En troisième lieu, les conditions de notification d’un acte administratif sont sans incidence sur sa légalité. En tout état de cause, si M. A… allègue qu’aucun interprète n’était présent lors de la notification de l’arrêté attaqué, il ressort des pièces du dossier que la notification s’est faite par le truchement d’un interprète par téléphone. Par suite, ce moyen doit être écarté.
En quatrième lieu, le requérant soutient être exposé à un risque de traitement inhumains ou dégradants en cas de retour dans son pays d’origine en raison de son état de santé. Toutefois, il ne ressort d’aucune pièce du dossier qu’il ne pourrait pas bénéficier d’un suivi médical en Algérie. Par suite, le moyen tiré de la méconnaissance de l’article 3 de la convention européenne de sauvegarde des droits de l’homme et des libertés fondamentales doit être écarté.
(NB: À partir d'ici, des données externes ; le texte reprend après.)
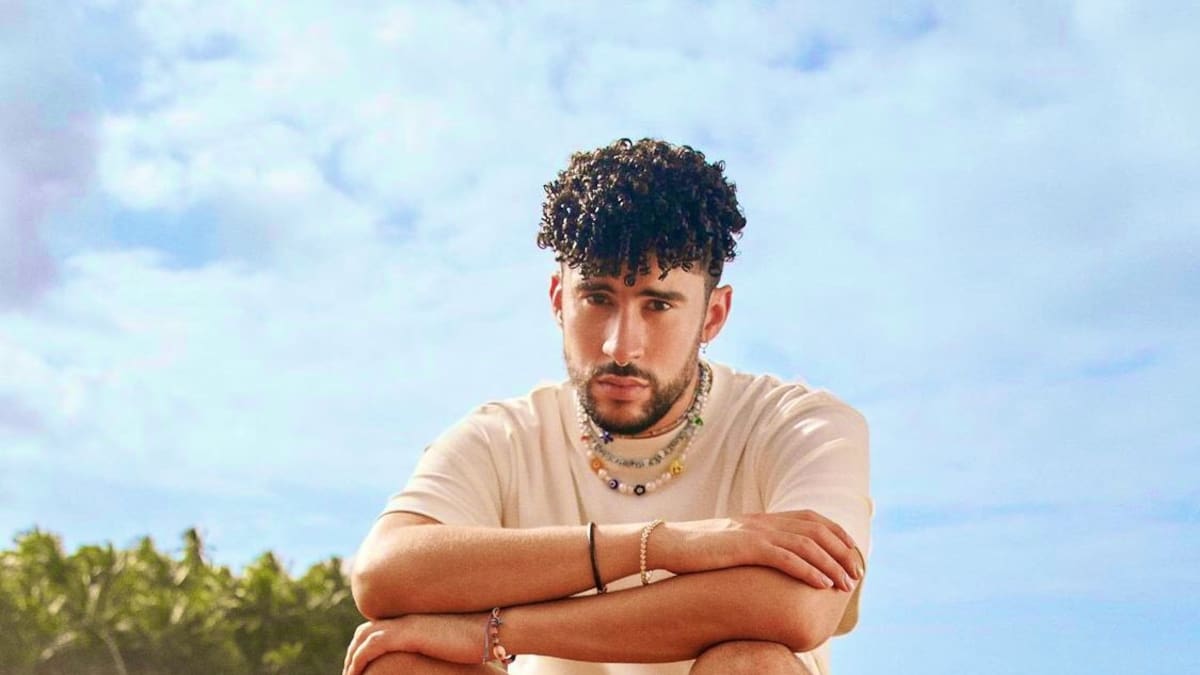 Bad Bunny besa la boca de otro hombre e imagen se transforma en viral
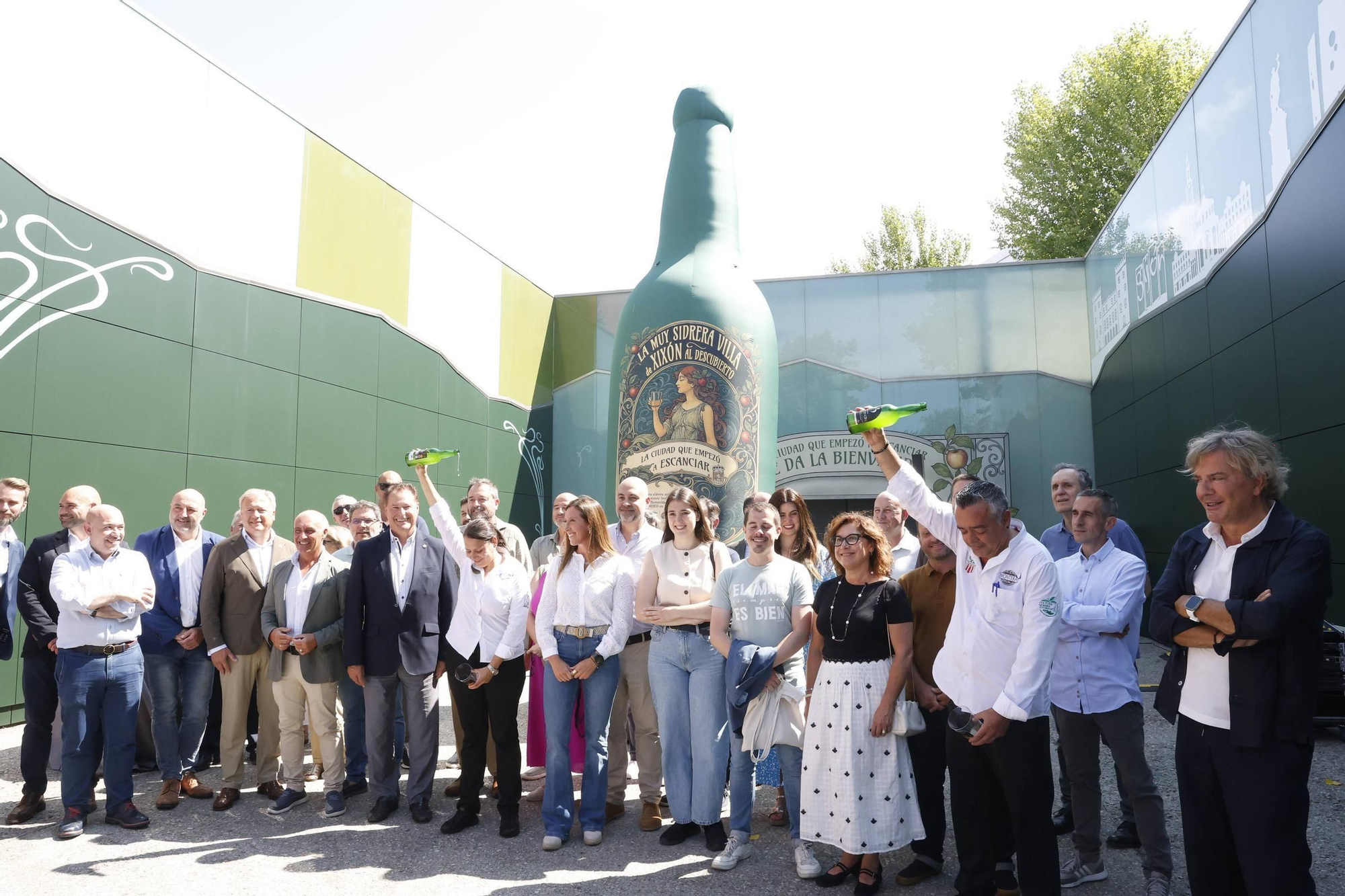 Gijón escancia su historia sidrera en la Feria de Muestras: así es el stand del Ayuntamiento (en imágenes)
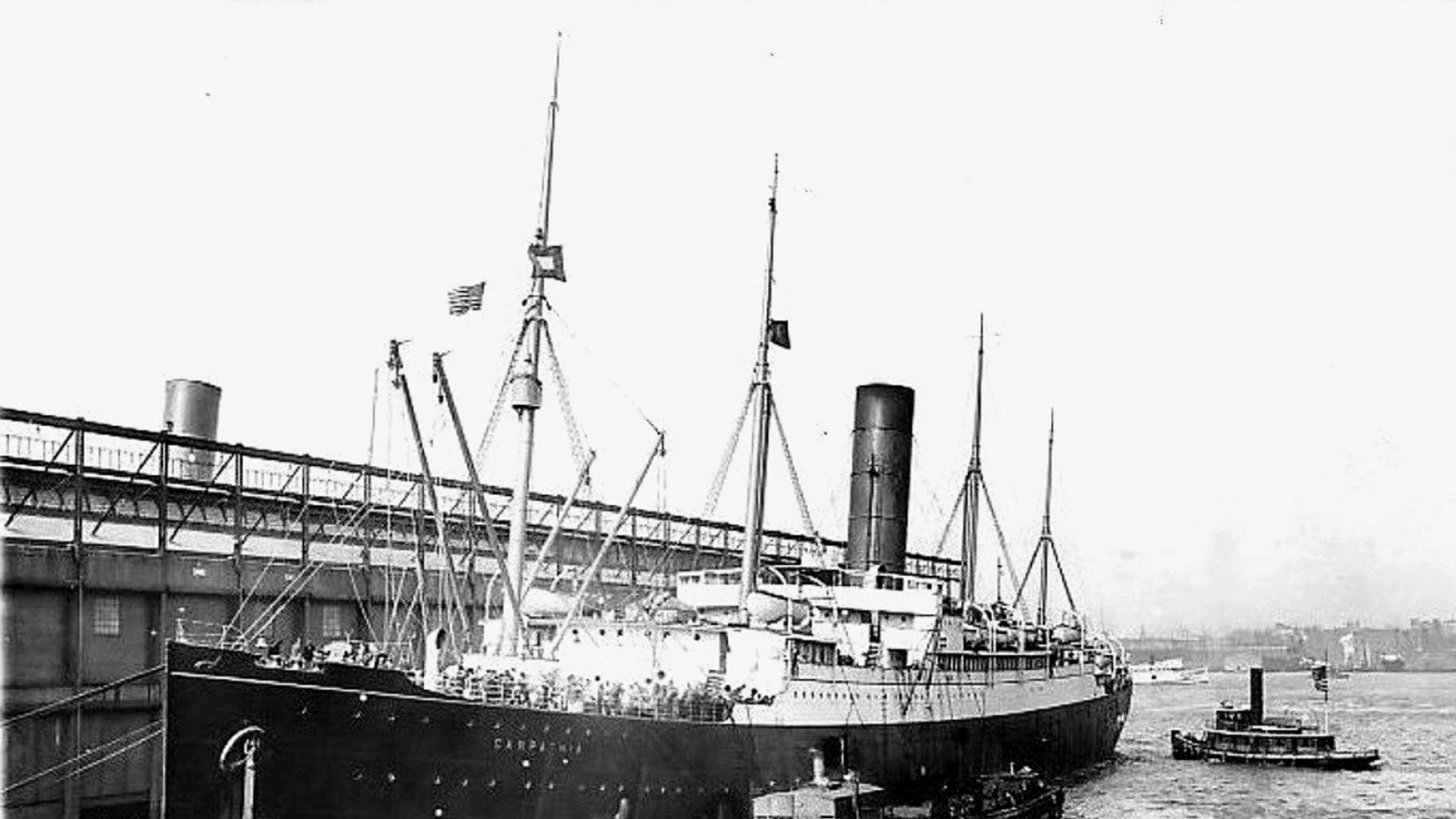 18. April 1912: Als die „Carpathia“, die die Überlebenden aufgenommen hatte, am Abend des 18. April in New York einlief, wurde die Anlegestelle weiträumig abgeschirmt. Die „Carpathia“ legte zuerst am Pier 59 der Chelsea Piers an, um die Rettungsboote der „Titanic“ hier zu entladen. Anschließend fuhr sie zum Pier 54, an dem etwa 30 000 Menschen in strömendem Regen warteten.Foto: Wikipedia commons/American Press Association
En cinquième lieu, si M. A… soutient que l’arrêté contesté porte une atteinte disproportionnée à sa vie privée et familiale, les conséquences de son éloignement du territoire français sur sa vie privée et familiale, telles qu’il en fait état dans le cadre de l’instance, résultent de l’interdiction judiciaire du territoire et non de la décision en litige dont le seul objet est de fixer le pays à destination duquel il sera éloigné. Par suite, ce moyen doit être écarté.
En sixième et dernier lieu, pour les mêmes motifs que ceux exposés au point 7, et dès lors que l’autorité préfectorale n’a pas à justifier dans le cas d’espèce des perspectives d’éloignement, l’intéressé n’est pas fondé à soutenir que la décision contestée serait entachée d’une erreur manifeste d’appréciation. Par ailleurs, l’article 5 de la convention européenne de sauvegarde des droits de l’homme et des libertés fondamentales est inopérant à l’encontre de l’arrêté fixant le pays de renvoi en exécution d’une peine d’interdiction judiciaire du territoire, dès lors qu’il n’a pas pour objet l’expulsion, l’extradition, l’arrestation ou la détention du requérant.
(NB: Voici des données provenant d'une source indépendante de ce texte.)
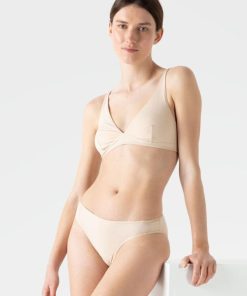 Genesiswear.shop34d2b08133 1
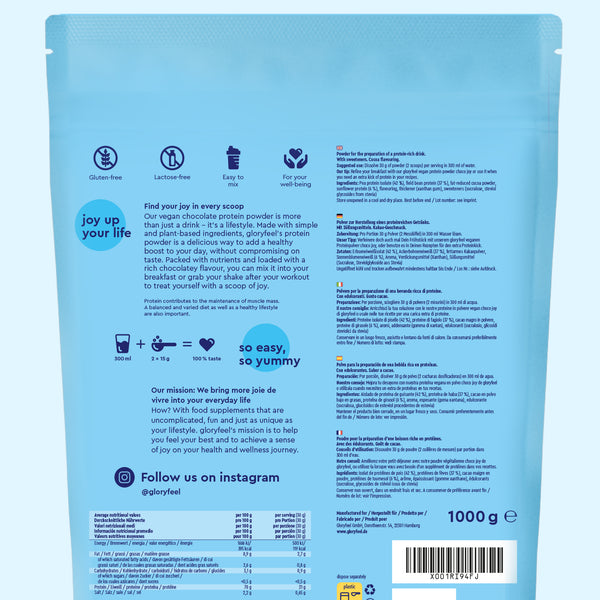 La confezione blu del prodotto vegano Proteine in polvere Choco Joy da 1000 g di GloryFeel GmbH Italia riporta informazioni nutrizionali, recapiti, icone e lo slogan &quot;rendi felice la tua vita&quot;.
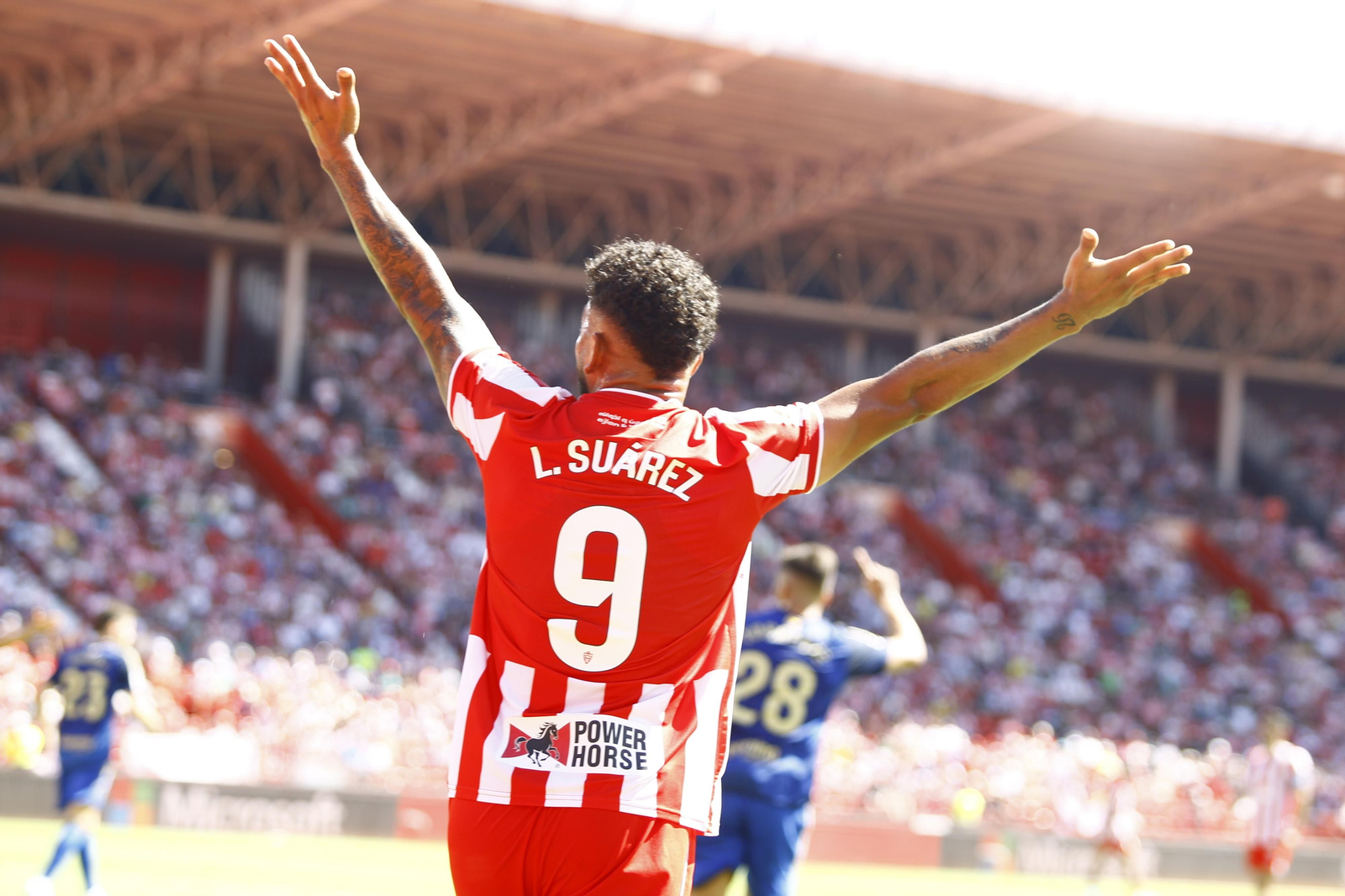 Imágenes del empate a 3 de la U.D. Almería y el Granada C.F.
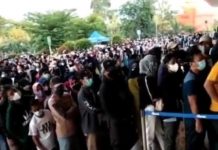 Viral Video Ratusan Warga Kota Prabumulih Antri untuk Mendapatkan Vaksinasi COVID-19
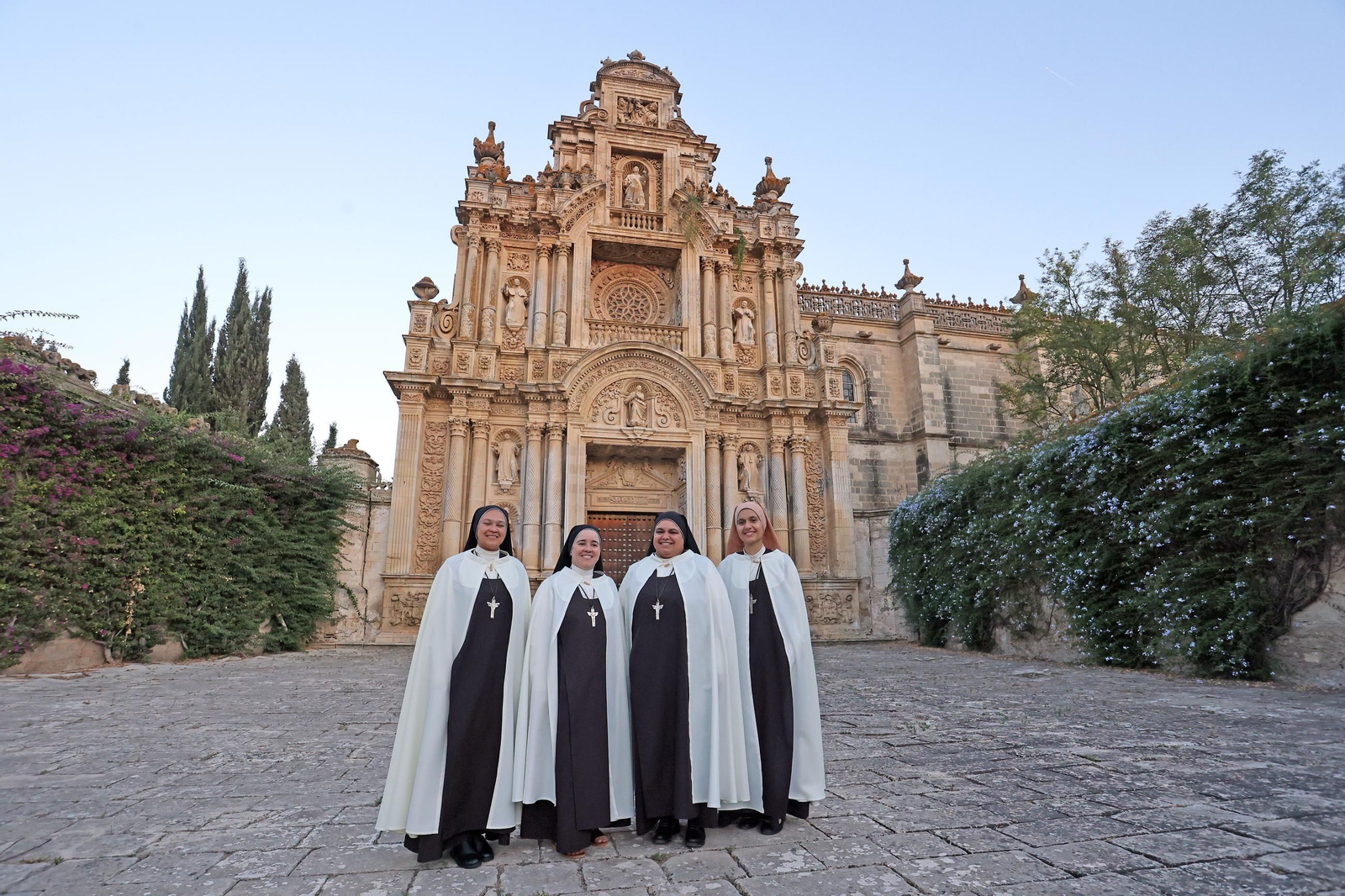 Imágenes de la misa de bienvenida a las hermanas Carmelitas en La Cartuja de Jerez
Il résulte de tout ce qui précède que les conclusions à fin d’annulation de l’arrêté du préfet de la Haute-Garonne du 11 avril 2026 doivent être rejetées ainsi que, par voie de conséquence, celles tendant à l’application de l’article L. 761-1 du code de justice administrative et de l’article 37 de la loi du 10 juillet 1991.
D E C I D E :
Article 1er : M. A… est admis au bénéfice de l’aide juridictionnelle à titre provisoire.
Article 2 : Le surplus des conclusions de la requête est rejeté.
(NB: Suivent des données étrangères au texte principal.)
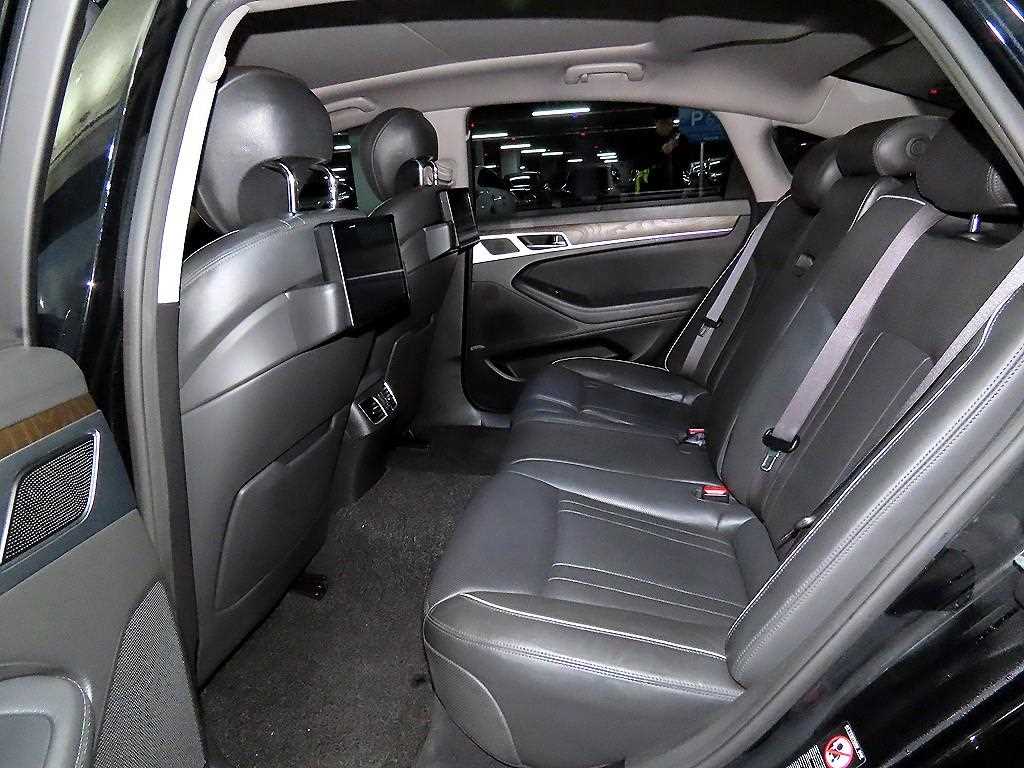 HYUNDAI Genesis - Vista 7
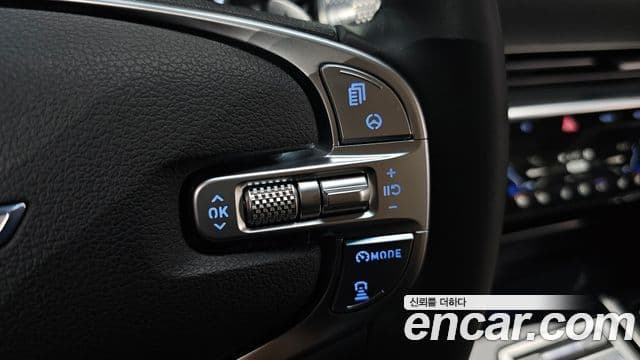 Genesis GV80 2021 — ფოტო 17/20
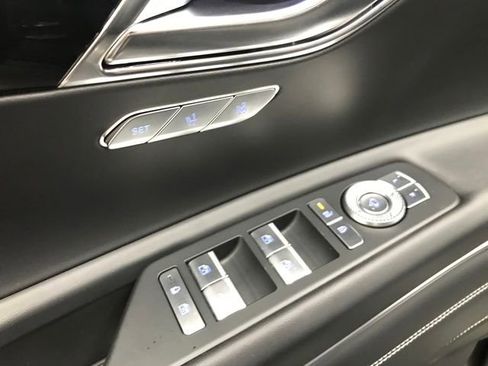 Used 2025 Genesis GV80 2.5T Standard image 16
Article 3 : Le présent jugement sera notifié à M. D… A…, à Me Machado Torres et au préfet de la Haute-Garonne.
Rendu public par mise à disposition au greffe le 17 avril 2026.
La magistrate désignée,
S. Gigault
La greffière,
L. Dispagne
La République mande et ordonne au préfet de la Haute-Garonne en ce qui le concerne ou à tous commissaires de justice à ce requis en ce qui concerne les voies de droit commun contre les parties privées, de pourvoir à l’exécution de la présente décision.